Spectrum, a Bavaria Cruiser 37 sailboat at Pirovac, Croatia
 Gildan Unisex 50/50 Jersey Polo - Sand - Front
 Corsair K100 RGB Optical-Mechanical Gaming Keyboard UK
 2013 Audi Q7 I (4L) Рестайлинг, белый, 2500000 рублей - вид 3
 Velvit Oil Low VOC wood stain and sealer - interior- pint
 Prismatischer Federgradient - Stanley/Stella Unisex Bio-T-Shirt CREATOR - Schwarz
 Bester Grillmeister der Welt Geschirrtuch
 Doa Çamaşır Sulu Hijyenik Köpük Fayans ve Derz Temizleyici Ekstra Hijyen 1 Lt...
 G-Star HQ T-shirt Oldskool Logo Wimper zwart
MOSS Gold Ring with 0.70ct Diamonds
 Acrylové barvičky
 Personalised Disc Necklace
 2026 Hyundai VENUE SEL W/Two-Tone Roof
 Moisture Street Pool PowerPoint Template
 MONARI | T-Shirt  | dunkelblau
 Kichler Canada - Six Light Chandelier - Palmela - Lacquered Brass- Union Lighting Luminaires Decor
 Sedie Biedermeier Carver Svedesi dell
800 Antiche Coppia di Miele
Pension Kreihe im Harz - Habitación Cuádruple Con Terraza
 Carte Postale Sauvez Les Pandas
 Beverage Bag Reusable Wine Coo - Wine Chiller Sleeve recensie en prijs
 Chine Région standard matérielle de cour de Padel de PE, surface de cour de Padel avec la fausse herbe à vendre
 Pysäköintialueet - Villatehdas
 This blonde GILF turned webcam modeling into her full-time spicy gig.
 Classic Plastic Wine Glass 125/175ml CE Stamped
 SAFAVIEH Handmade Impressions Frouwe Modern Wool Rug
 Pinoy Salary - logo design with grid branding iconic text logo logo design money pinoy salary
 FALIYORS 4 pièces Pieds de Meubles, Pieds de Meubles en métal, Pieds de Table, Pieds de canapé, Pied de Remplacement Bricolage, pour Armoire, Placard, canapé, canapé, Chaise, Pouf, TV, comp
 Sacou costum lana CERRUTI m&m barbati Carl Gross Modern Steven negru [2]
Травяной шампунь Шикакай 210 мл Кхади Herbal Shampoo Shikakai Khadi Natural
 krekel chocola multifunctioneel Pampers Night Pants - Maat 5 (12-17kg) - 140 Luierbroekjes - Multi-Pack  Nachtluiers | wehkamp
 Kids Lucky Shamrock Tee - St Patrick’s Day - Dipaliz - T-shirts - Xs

-=-=-

Task directions:
Give the data again in full, keeping every line as it was.

Response to the task:
Spectrum, a Bavaria Cruiser 37 sailboat at Pirovac, Croatia
 Gildan Unisex 50/50 Jersey Polo - Sand - Front
 Corsair K100 RGB Optical-Mechanical Gaming Keyboard UK
 2013 Audi Q7 I (4L) Рестайлинг, белый, 2500000 рублей - вид 3
 Velvit Oil Low VOC wood stain and sealer - interior- pint
 Prismatischer Federgradient - Stanley/Stella Unisex Bio-T-Shirt CREATOR - Schwarz
 Bester Grillmeister der Welt Geschirrtuch
 Doa Çamaşır Sulu Hijyenik Köpük Fayans ve Derz Temizleyici Ekstra Hijyen 1 Lt...
 G-Star HQ T-shirt Oldskool Logo Wimper zwart
MOSS Gold Ring with 0.70ct Diamonds
 Acrylové barvičky
 Personalised Disc Necklace
 2026 Hyundai VENUE SEL W/Two-Tone Roof
 Moisture Street Pool PowerPoint Template
 MONARI | T-Shirt  | dunkelblau
 Kichler Canada - Six Light Chandelier - Palmela - Lacquered Brass- Union Lighting Luminaires Decor
 Sedie Biedermeier Carver Svedesi dell
800 Antiche Coppia di Miele
Pension Kreihe im Harz - Habitación Cuádruple Con Terraza
 Carte Postale Sauvez Les Pandas
 Beverage Bag Reusable Wine Coo - Wine Chiller Sleeve recensie en prijs
 Chine Région standard matérielle de cour de Padel de PE, surface de cour de Padel avec la fausse herbe à vendre
 Pysäköintialueet - Villatehdas
 This blonde GILF turned webcam modeling into her full-time spicy gig.
 Classic Plastic Wine Glass 125/175ml CE Stamped
 SAFAVIEH Handmade Impressions Frouwe Modern Wool Rug
 Pinoy Salary - logo design with grid branding iconic text logo logo design money pinoy salary
 FALIYORS 4 pièces Pieds de Meubles, Pieds de Meubles en métal, Pieds de Table, Pieds de canapé, Pied de Remplacement Bricolage, pour Armoire, Placard, canapé, canapé, Chaise, Pouf, TV, comp
 Sacou costum lana CERRUTI m&m barbati Carl Gross Modern Steven negru [2]
Травяной шампунь Шикакай 210 мл Кхади Herbal Shampoo Shikakai Khadi Natural
 krekel chocola multifunctioneel Pampers Night Pants - Maat 5 (12-17kg) - 140 Luierbroekjes - Multi-Pack  Nachtluiers | wehkamp
 Kids Lucky Shamrock Tee - St Patrick’s Day - Dipaliz - T-shirts - Xs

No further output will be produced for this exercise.